Dataset excerpt
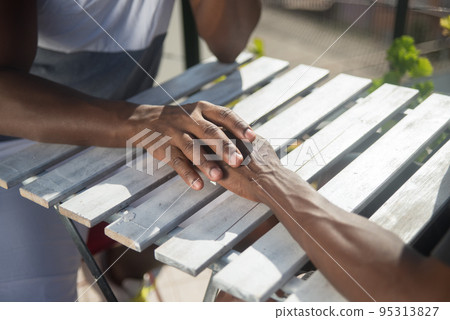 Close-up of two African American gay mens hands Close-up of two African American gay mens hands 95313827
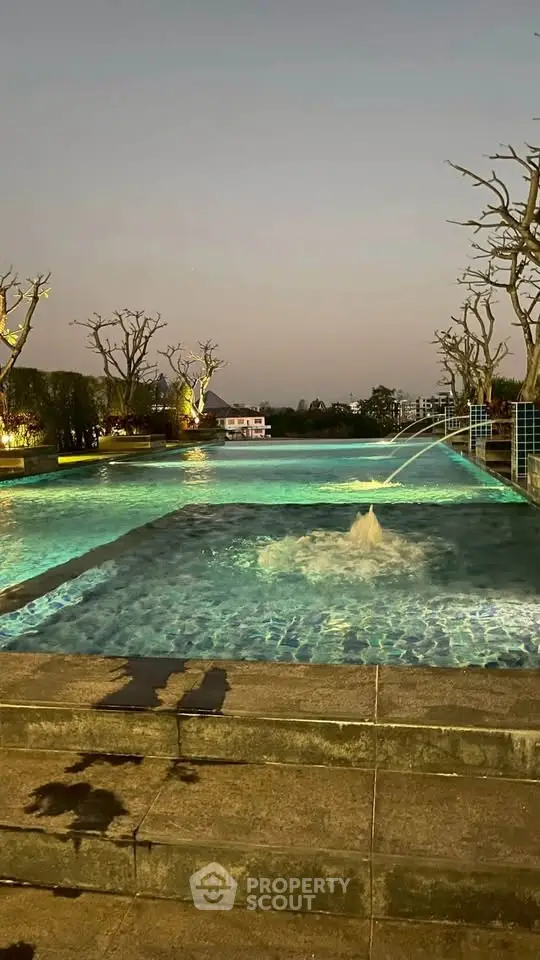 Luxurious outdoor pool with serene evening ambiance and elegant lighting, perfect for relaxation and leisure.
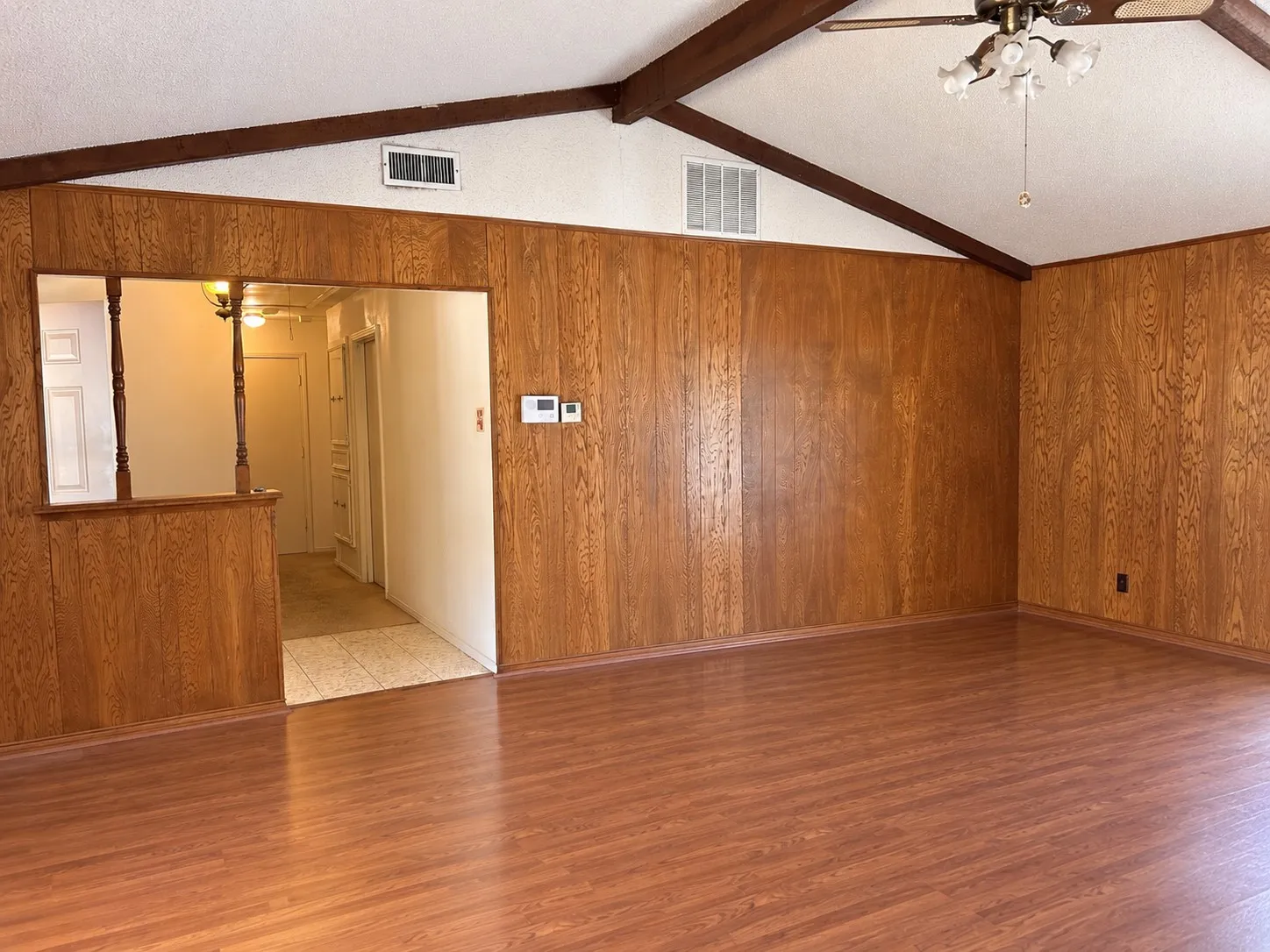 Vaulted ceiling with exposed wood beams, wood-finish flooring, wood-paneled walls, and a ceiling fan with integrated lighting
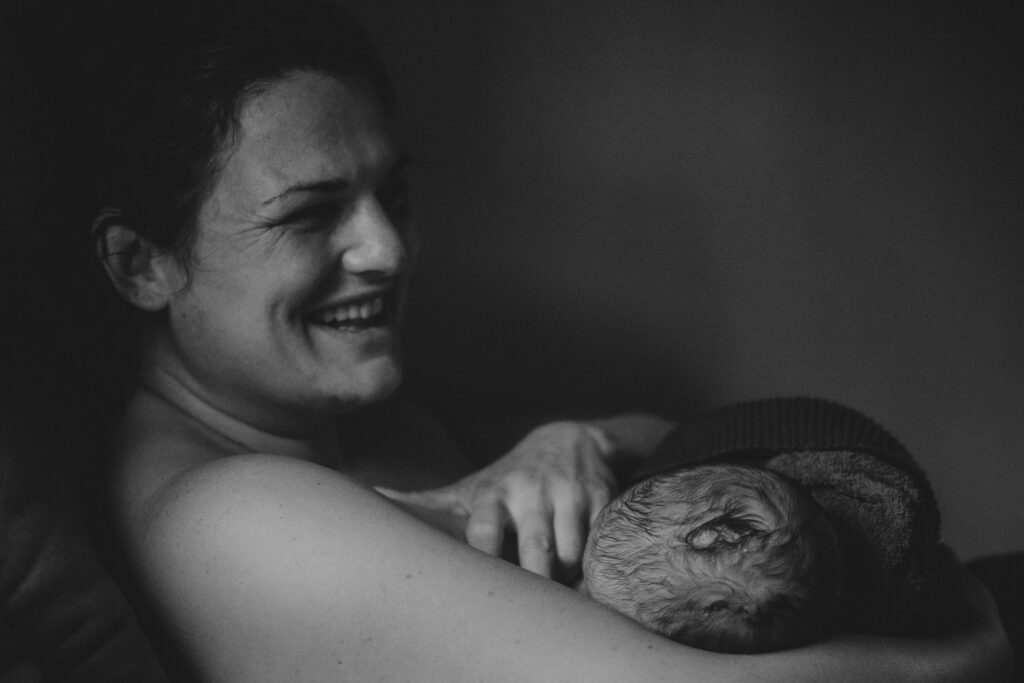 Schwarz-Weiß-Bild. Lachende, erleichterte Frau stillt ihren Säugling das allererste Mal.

Exercise directions
Reproduce the lines of the listing exactly, starting at the one that contains "Luxurious outdoor pool" and continuing through the final line, but leave out the pictures.

Expected output
 Luxurious outdoor pool with serene evening ambiance and elegant lighting, perfect for relaxation and leisure.
 Vaulted ceiling with exposed wood beams, wood-finish flooring, wood-paneled walls, and a ceiling fan with integrated lighting
 Schwarz-Weiß-Bild. Lachende, erleichterte Frau stillt ihren Säugling das allererste Mal.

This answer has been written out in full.